Por suerte o desventura, no fue así; en cambio, había en el comedor camaradas de uniforme que, si bien hubieron de darle de palabra a esas gentes su merecido, hubieron de pasar por la violencia de tener que aguantarse los nervios para no darles su merecido también de obra.
Y volvamos a lo ya dicho. La culpa no es de esas gentes, sino nuestra. Desde principios de la insurrección padecemos un verdadero morbo de indulgencia con los enemigos y con sus aliados. Este exceso -imperdonable- ha llevado a unos y a otros a crecerse de tal modo que cualquier miembro de segunda, tercera o cuarta categoría del Cuerpo consular o diplomático de cualquier país de tercera, cuarta o ninguna importancia, se cree con el derecho de, muy en alto, amparar abiertamente a fascistas, o sea, a enemigos del pueblo español. Y con esto nada tiene que ver el derecho de asilo.
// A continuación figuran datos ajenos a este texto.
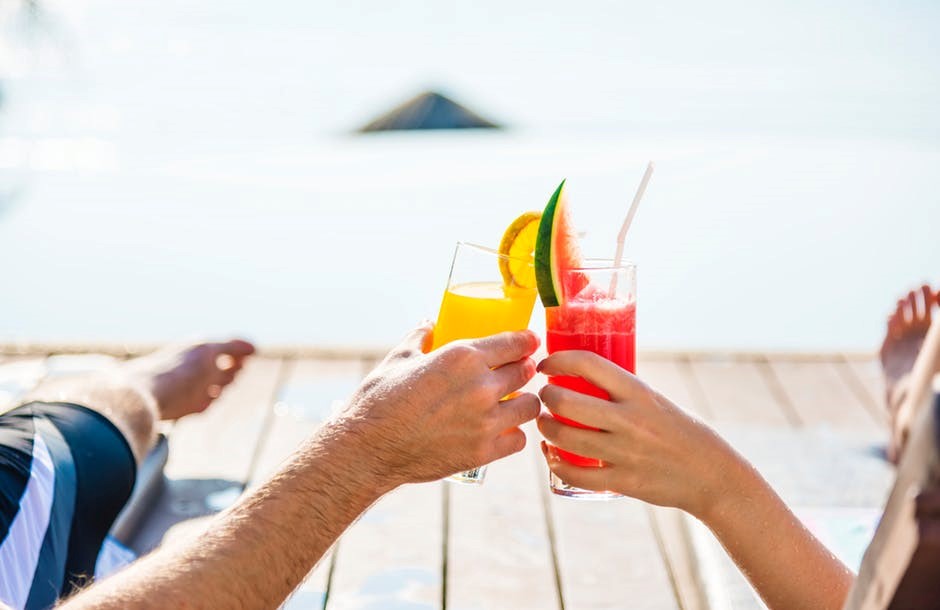 Lazy friend would prefer to stay poolside ordering room service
Después de lo que sucedió en la legación de Finlandia y en la de Perú, sería curioso saber a qué retorcidos argumentos se atreverían a apelar los que quisieran defender a los emboscados o hacer pasar la frontera, para llegar a terreno faccioso, a hombres en edad militar o a hombres reclamados por los Tribunales legítimos de la República.
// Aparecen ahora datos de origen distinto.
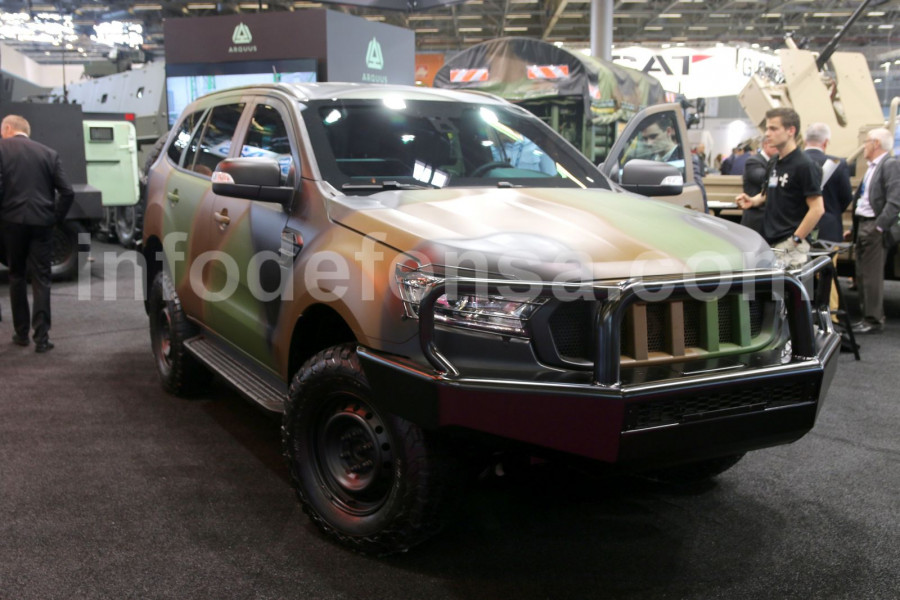 Vehículo VT4 de Arquus en la exhibición de Eurosatory 2018. Foto: Ginés Soriano Forte  Infodefensa.com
Sí, camaradas; ya es mucho derecho de asilo y ya son muchas banderitas raras en las mangas, solapas o en el pecho de individuos o individuas que hasta el 18 de julio eran y no habían jamás soñado con ser otra cosa que españoles. Y, la verdad, cuando la retaguardia no es sino prolongación natural de los frentes; cuando en cualquier lugar de la retaguardia, lo mismo en la calle que en un cine, que en el comedor de un hotel o el salón de un café, parte al menos de los asistentes son hombres que descansan unos días de los meses en que han estado, y en el que volverán a estar, jugándose la vida por librar a España de la invasión extranjera y del oprobio fascista; cuando todos estos lugares de la retaguardia están llenos de familiares de los que se juegan o han perdido la vida por defender a España de la vergüenza impuesta por los traidores, resulta excesivamente duro el tener, «encima», que aguantar el descaro con que los aliados y protectores de los traidores exteriorizan su condición. Tan excesivamente duro resulta, que resulta insufrible. Y bueno será que así lo vayan pensando los fascistoides emboscados y sus descarados ángeles custodios, ello en evitación de la repetición más grave, harto más grave, de escenas como la que ha motivado estas líneas.